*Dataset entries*

________________________

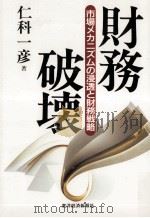 財務破壊:市場メカニズムの浸透と財務戦略（1995.06 PDF版）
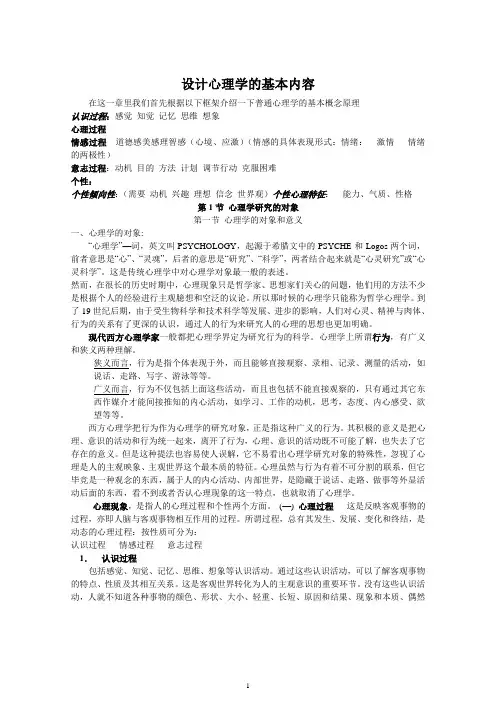 设计心理学的基本内容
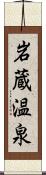 岩蔵温泉 Scroll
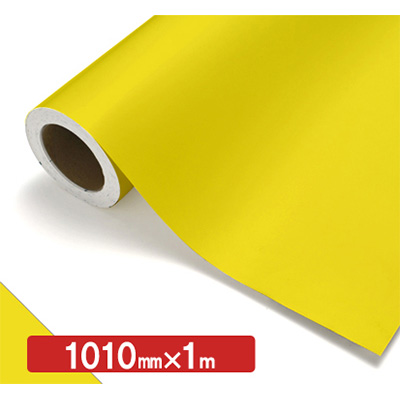NOCS Tuffcal 不透明色 4312W イエロー1010mm×切売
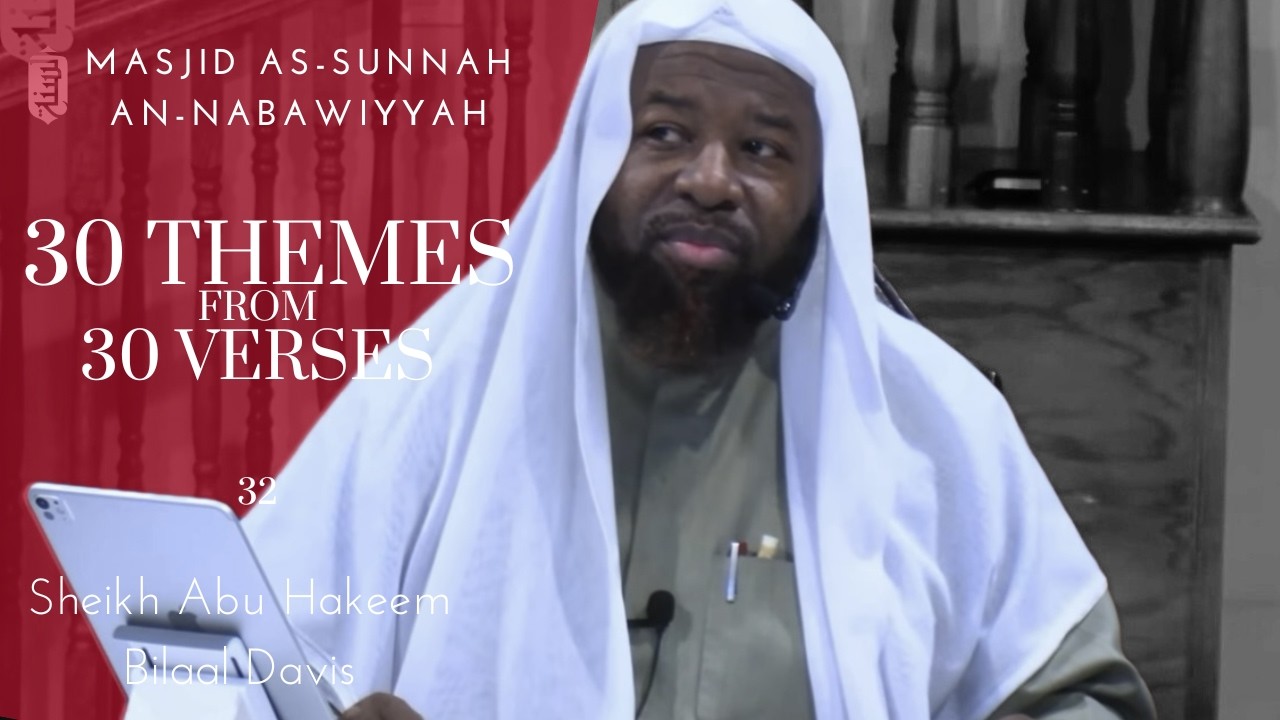 Part 3 | 'Eeesaa (Jesus)  'Alayhi Salaam | 30 Themes From 30 Verses | Sh Abu Hakeem Bilaal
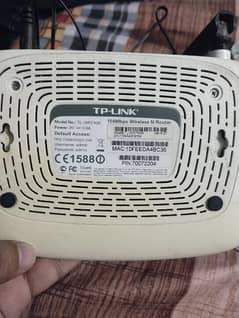 TP-Link Single antenna router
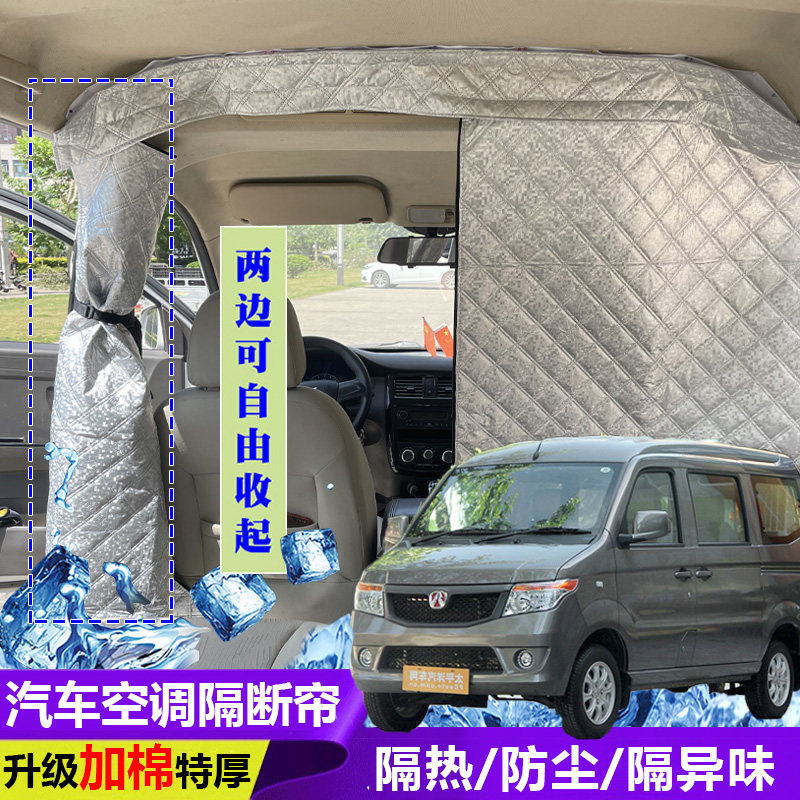 北汽威旺205空调隔断帘前后排分隔帘全布款面包车隔帘隔热防尘帘,汽车用品/电子/清洗/改装,车用窗帘,淘宝优惠券,粉丝福利购,淘宝优惠卷
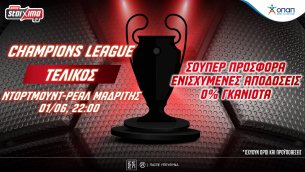 Τελικός Champions League με προσφορά* κι ενισχυμένες αποδόσεις στο Pamestoixima.gr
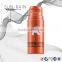 Hot sale new desgin empty customized cosmetic use 100ml plastic colored bottle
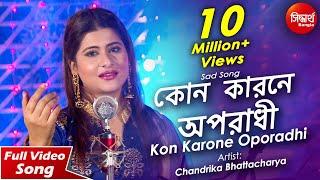 Sona Re O Sona Re -Kon Karone Oporadhi | Sad Bangla Song | Chandrika Bhattacharya | Siddharth Bangla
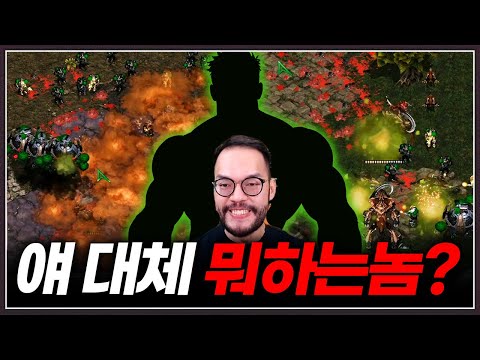 져본적 없다며 실력으로 보여준다는 상대 ... 홍구는 허세인줄 알았는데?;;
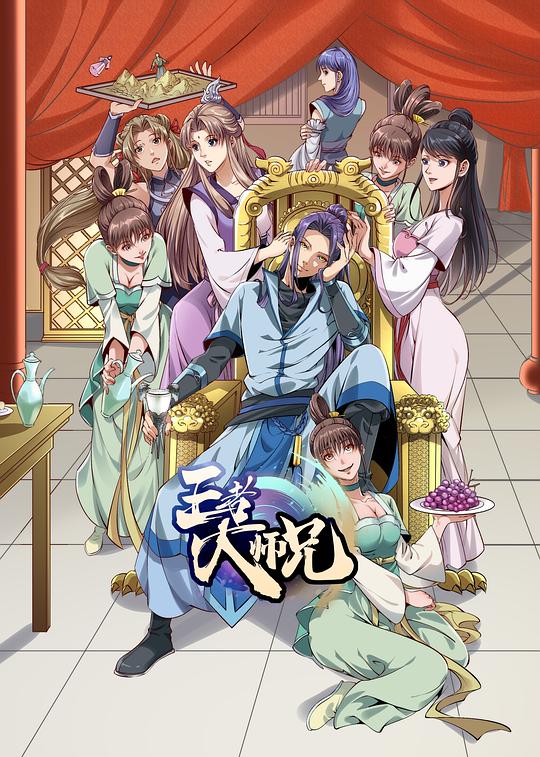 王者大师兄 封面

________________________

*Task to carry out*
Using the records above, reproduce exactly the lines from the line containing "Τελικός Champions League" through the last line, with both ends kept and no pictures.

*Answer space*
 Τελικός Champions League με προσφορά* κι ενισχυμένες αποδόσεις στο Pamestoixima.gr
 Hot sale new desgin empty customized cosmetic use 100ml plastic colored bottle
 Sona Re O Sona Re -Kon Karone Oporadhi | Sad Bangla Song | Chandrika Bhattacharya | Siddharth Bangla
 져본적 없다며 실력으로 보여준다는 상대 ... 홍구는 허세인줄 알았는데?;;
 王者大师兄 封面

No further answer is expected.